Note that these files are also encrypted on your source-drive.
So, you can’t access them unless you decrypt the files.
And, decryption is only possible on Multcloud.
Is Multcloud safe?
You’re granting Multcloud access to your cloud services!
Security definitely is an issue, isn’t it?
I sure spent nearly 4 hours simply researching and understand its security mechanism and algorithms before signing up on it.
For starters, Multcloud doesn’t store (or have) login access to any of our cloud storage services.
Multcloud also doesn’t store any of your files without your permissions.
It uses AES-256 bit encryption for file transfers. This quite literally is the strongest encryption available to Internet users like ourselves.
In a nutshell, yes, Multcloud is secure and privacy-respecting.
How much does Multcloud cost? Can you get Multcloud for free?
Well yes, it costs nothing and you can get it for free.
Here’s a more detailed insight into its pricing plans:
- Free: 30GB bandwidth / 2 sync modes / slower speeds.
- Monthly: $9.90/mo- 150 GB bandwidth / 8 sync modes
- Quarterly: $24.90/quarter- 200 GB bandwidth / 8 sync modes.

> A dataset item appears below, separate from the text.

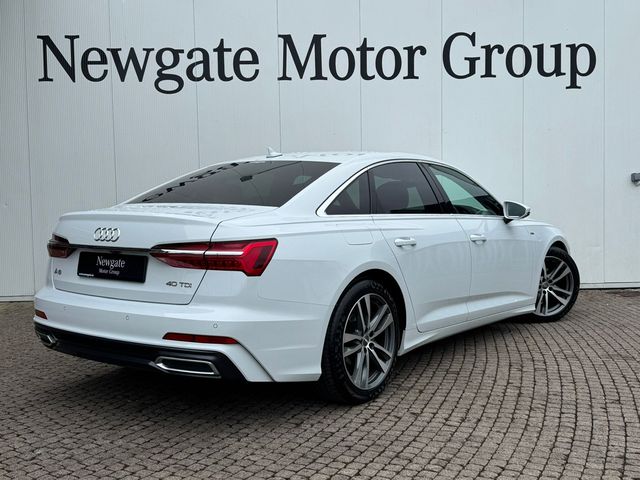 Image for 2020 Audi A6 2.0 TDI S Line 40 204PS 4DR A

- Yearly: $119.00/year- Unlimited bandwidth/ 8 sync modes.
All of the paid plans allow 1 transfer and 2 sync tasks to be processed simultaneously.
The scheduler and encryption features too are only available on the paid plans.
In my opinion, the free plan is a bit limited, but well, it’s free so I’m not complaining.
Just in case you aren’t happy with their service, there’s a 14-day “unconditional” refund policy.
Being honest, I haven’t claimed a refund yet.
So, I’m not sure if it’s truly “unconditional” or has strings attached.
However, the time-frame sure is impressive.
And, that’s a wrap for this Multcloud review folks. Drop your opinions in the comments maybe?